チョウザメという魚の名前を聞いたことがありますか? 名前に「サメ」とついていますが、実はサメの仲間ではありません。
そんなチョウザメの特徴を紹介します。
チョウザメはサメではない?
名前に「サメ」とつくチョウザメ。姿かたちもよく似ているサメとは、一体どこが違うのでしょうか?
軟骨魚類であるサメとは別の分類に属する
サメは全身の骨格が軟骨でできている軟骨魚類と呼ばれるグループに属していますが、チョウザメは一般的な魚と同じく、骨格が硬い骨でできている硬骨魚類であり、分類上の系統は大きく異なります。その形状がサメに似ていること、体表にある鱗の形がチョウの形に似ていることから「チョウザメ」と名づけられました。淡水域にのみすんでいる種と、海にすみ、河川に遡上して産卵する種にわかれています。
細長く大きな体と下についた口など、姿かたちはサメと似ていますが、その見た目とは裏腹に、穏やかな性格です。サメと違いチョウザメには歯がなく、川底のえさやプランクトン、小魚などを食べています。口付近に生えている4本のヒゲは、川底の餌を探すときに使われます。
チョウザメはいわゆる「生きた化石」
チョウザメは3億年前から存在する古代魚であり、シーラカンスなどと同様に「生きた化石」とも呼ばれます。チョウザメは、現在生きている魚類の中で多数を占める真骨魚類の仲間です。真骨魚類は鱗が薄く、浮き袋が発達している魚のことを指しています。
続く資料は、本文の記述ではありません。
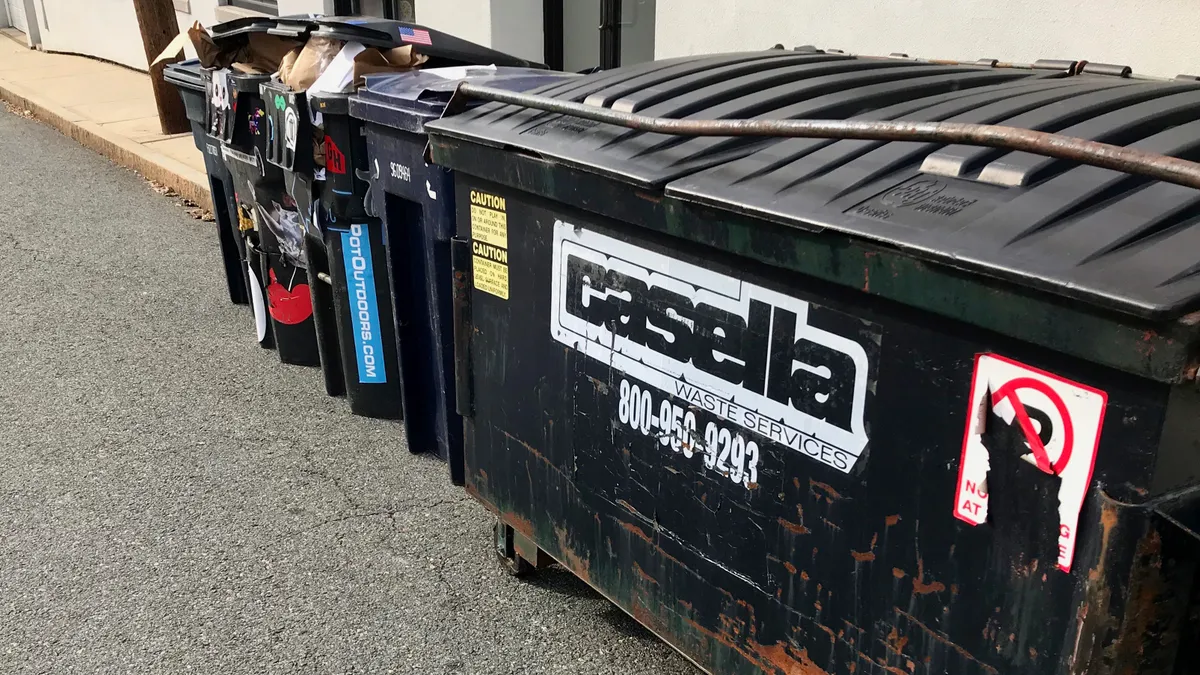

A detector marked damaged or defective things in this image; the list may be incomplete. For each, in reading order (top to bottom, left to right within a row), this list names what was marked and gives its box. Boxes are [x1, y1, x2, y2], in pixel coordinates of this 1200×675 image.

rusty metal bar on lid [451, 82, 1200, 192]
torn white sticker [950, 355, 1108, 569]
チョウザメは、このグループの中の軟質亜綱(なんしつあこう)というグループに属しています。このグループは、原始的な魚の仲間で、古生代デボン紀(4億1,600万年前から3億5,920万年前)に出現しました。軟質亜綱に属する生物のなかで現在生き残っているのは、チョウザメの仲間のみと言われています。
「黒い宝石」はチョウザメの卵
世界三大珍味のひとつであり、「黒い宝石」とも呼ばれるキャビアは、チョウザメの卵を塩漬けにしたものを指します。ロシアやイランなどに面する世界最大の湖、カスピ海や黒海にすむオオチョウザメからとられるキャビアは、他の種と比べて抱卵まで時間がかかること、個体数が少ないことから高値で取引されます。
今ではさまざまな国でチョウザメの養殖が可能になりました。日本でも、1983年に旧ソ連から200匹のチョウザメを引き受けた宮崎県をはじめ、全国でチョウザメ養殖がおこなわれています。
チョウザメは卵だけでなく、身も美味しく食べることができます。刺身や寿司、フライなど、さまざまな料理に向いています。その美味しさを広めるため、チョウザメブランドを立ち上げた養殖場もあるほどです。
キャビアのための乱獲、流域管理の失敗により絶滅危惧種に
2022年7月に更新された「レッドリスト」では、合計27種のチョウザメ類の3分の2が絶滅の危機に瀕していることが明らかになりました(2022年7月「レッドリスト」更新 チョウザメの危機が深刻に-MMFジャパン)。ヨーロッパに生息していた8種のうち、7種が「CR:近絶滅種」、すなわち絶滅寸前とされています。
危機の原因は「キャビア」のための乱獲と、流域管理の失敗が挙げられています。ダム開発や工業地帯の増加により、各地域の水量が減少し、流域が分断されてしまったことで、稚魚が海に戻れなかったり、遡上して産卵ができなかったりといった問題が生まれたのです。
先述のとおり、チョウザメの野生の個体数は減少しており、現在市場で流通しているキャビアはほとんどが養殖のものです。これからの世代に、チョウザメを用いた食文化や生態を受け継いでいくためには、流域の確保や捕獲数の制限といったさまざまな保全策を考えていく必要があります。